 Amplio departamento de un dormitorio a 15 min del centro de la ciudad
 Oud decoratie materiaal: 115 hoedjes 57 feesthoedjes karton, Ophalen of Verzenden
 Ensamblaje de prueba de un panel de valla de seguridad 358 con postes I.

____

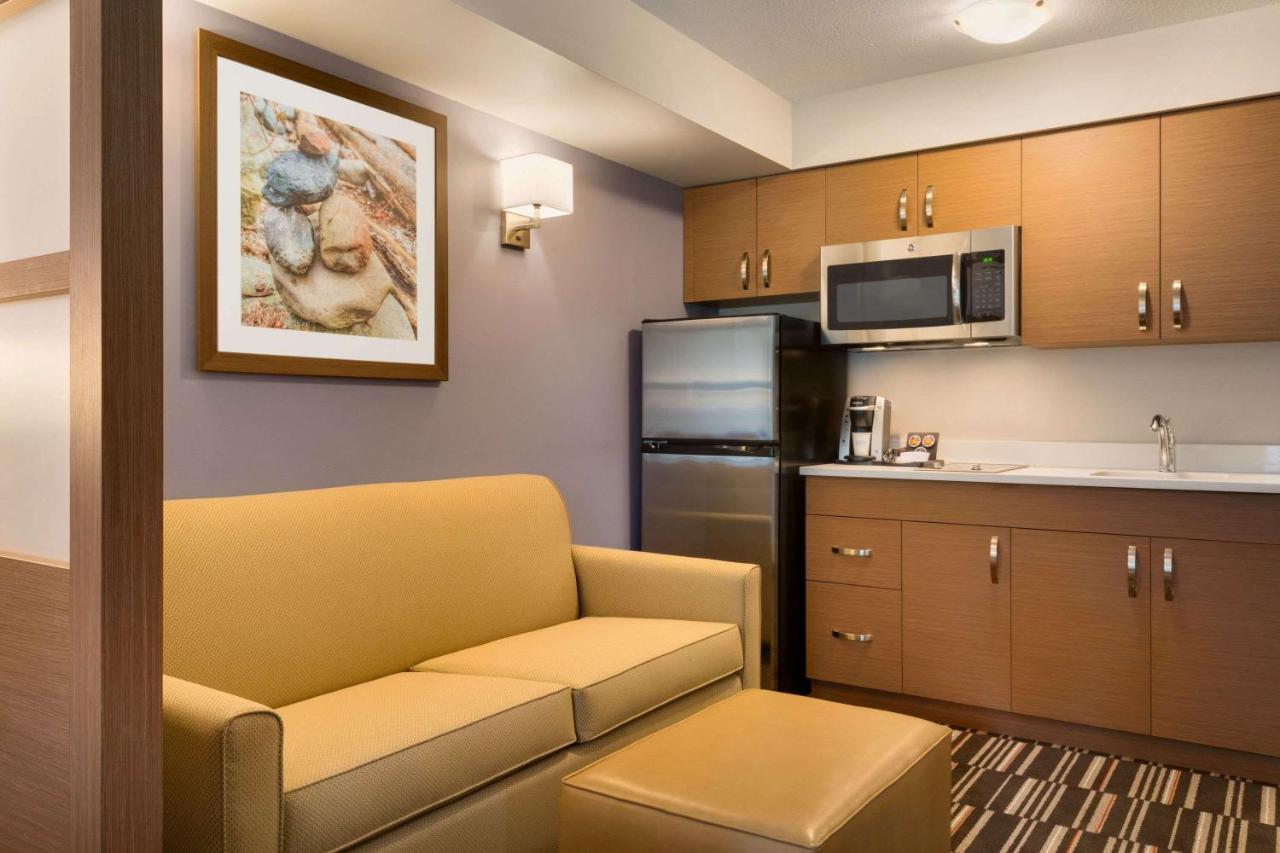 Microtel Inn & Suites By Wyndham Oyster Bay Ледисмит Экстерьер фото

____

Work to be completed
Would you please repeat exactly the lines above, starting at the line with "Oud decoratie materiaal: 115" and stopping at the line with "Ensamblaje de prueba", both included?

Task output
 Oud decoratie materiaal: 115 hoedjes 57 feesthoedjes karton, Ophalen of Verzenden
 Ensamblaje de prueba de un panel de valla de seguridad 358 con postes I.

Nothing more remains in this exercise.